I think a lot of companies are thinking about the ROI of returning to in-person work all wrong.
Most conversations I've heard where people are weighing the trade-offs between working from home and working in an office focus on two questions:
Do you feel like you're more productive at home or in the office?
Do you feel like you collaborate better working virtually with people or working face-to-face?
And everyone has their own slightly different takes and nuances when answering these questions, but I think in general we've proven over the past two years that 1) employees can be remarkably productive working remotely and 2) many projects can be completed just fine via virtual collaboration even if working face-to-face is still the most comfortable setting for many folks. And I think these are the sorts of conclusions that are leading many companies right now to either double-down on being a remote-first company or adopt a master-of-none hybrid work philosophy.
But this train of thought overlooks one key element: the impact of company culture on worker output. We've proven workers can be productive when working remotely, and we've proven that workers can be quite collaborative when working remotely, but we've also learned that it's extremely difficult to establish a well-defined and widely felt company culture remotely. Company culture isn't formed in Zoom happy hours and biweekly 1:1s. Company culture is formed in desk gossip and break room snack rankings and evening vent sessions and birthday happy hours and hallway shenanigans. We're social creatures, and we can train ourselves to think seeing someone's face getting transmitted to our computer screens in a marathon of 1s and 0s is meeting this need, but it isn't. Nothing can replace the sense of community and in turn the corporate culture that arises from being with other coworkers in-person.

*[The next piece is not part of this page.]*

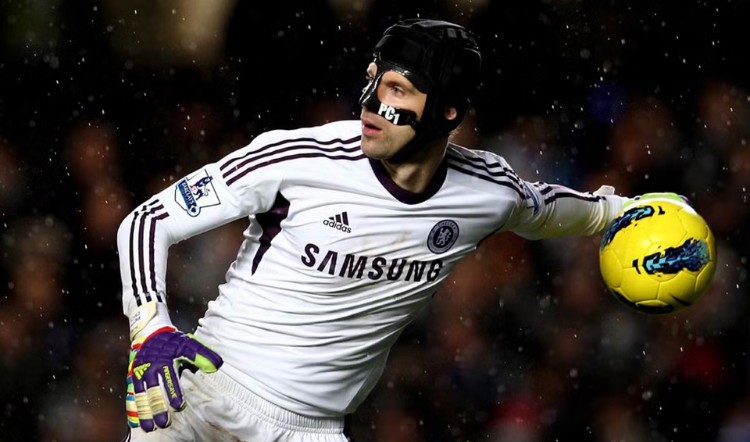 Cech sở hữu sự điềm tĩnh đáng kinh ngạc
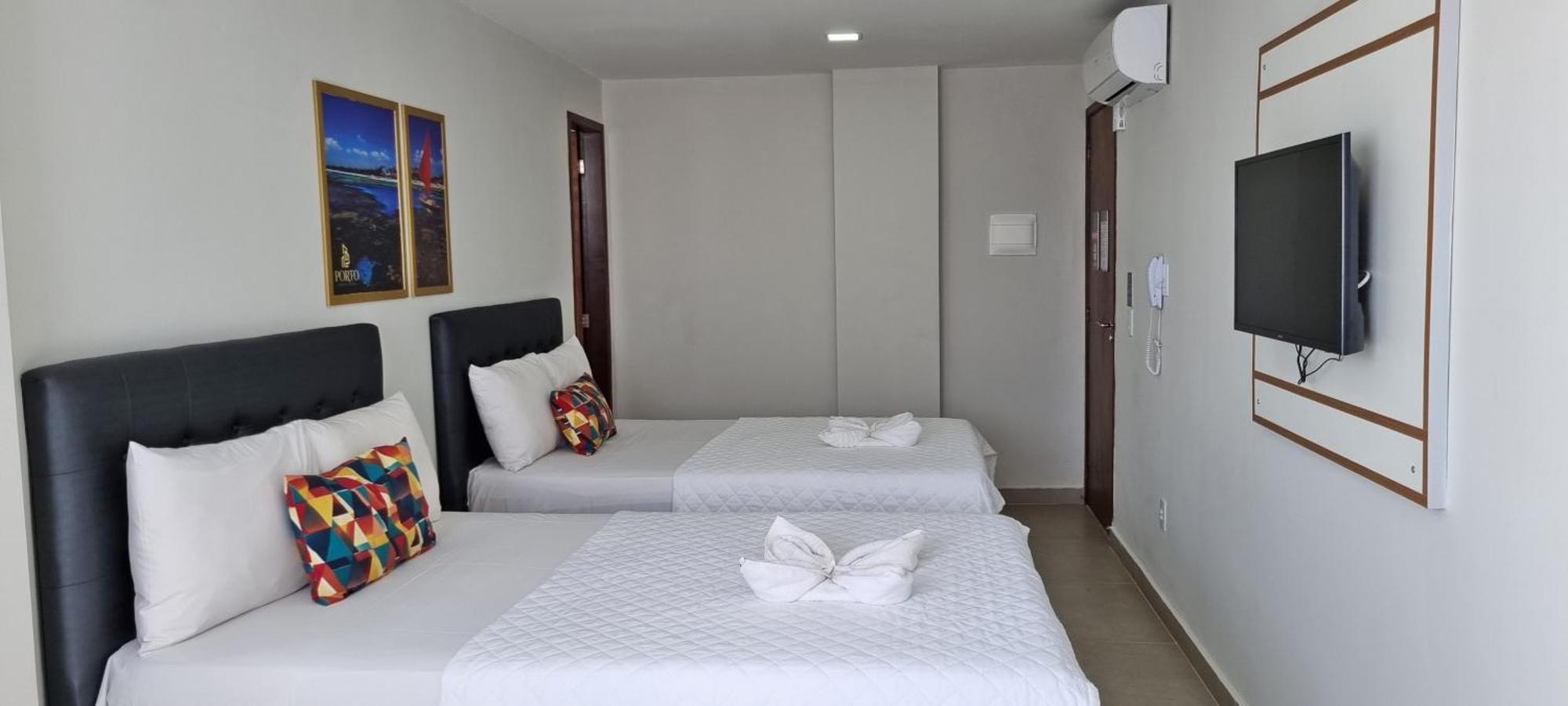 Porto De Galinhas Porto Exclusive By Aft Hotel Exterior foto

And when workers are happy or feel like they have a sense of community at work, they do better work. I don't have proof for this. I don't have a study to cite. But we've all felt it. When you are getting along well with our coworkers and feel like you are part of a community in the office, you will be generally happier at work, and if you are generally happier at work, you do better quality work. Plain and simple. That's where the ROI of transitioning back to in-person work comes in. Not in increased productivity. Not in substantially better collaboration. But in the fruits of happier employees doing higher quality work.
This is why I still go into the office. Not to get visibility from leadership. Not because I'm more productive in the office. Not because I'm a sucker for a good 35-minute commute (although I somewhat am). It's because I think the benefits on worker morale and therefore worker output are too great to ignore. So until someone proves to me otherwise, I'm going to keep going in.